Year 2019, Special Issue: Stem Cell, 17 - 32, 01.02.2019
https://doi.org/10.23902/trkjnat.483402

Abstract

Stem cell therapy
offers a great advantage for the development of new treatments in the field of
regenerative and restorative medicine. However, the use of stem cell therapies
and their clinical indications can even be further improved using genetic modification
of the cells.
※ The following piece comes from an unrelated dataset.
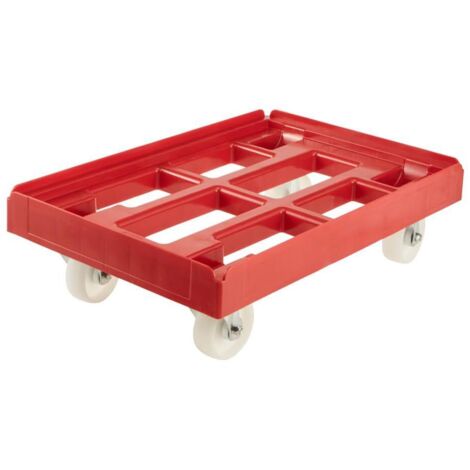 Carrello da trasporto keeeper rolf capacità 300 kg plastica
Due to the high level of consanguineous marriages in Turkey, the
country suffers from an increased frequency of inborn genetically
inherited diseases.
Treatment of these diseases is difficult, since 1) diagnosis is often delayed
in rural areas, 2) distance to specialized centers may be considerable, 3)
treatment may require frequent hospital visits and 4) treatment procedures are
often both invasive and expensive.

Here, we discuss the current status of gene therapy of hematopoietic stem cells
(HSCs) for rare, inherited monogenic diseases and the advantages to use these
cells as an alternative treatment option for patients in Turkey. We discuss
results of clinical trials using retroviral and lentiviral gene therapy for the
treatment of immune deficiencies, hemoglobinopathies and several enzyme
deficiencies, new developments in the field of the HSC gene therapy to improve
safety and efficacy and recommendations for the future.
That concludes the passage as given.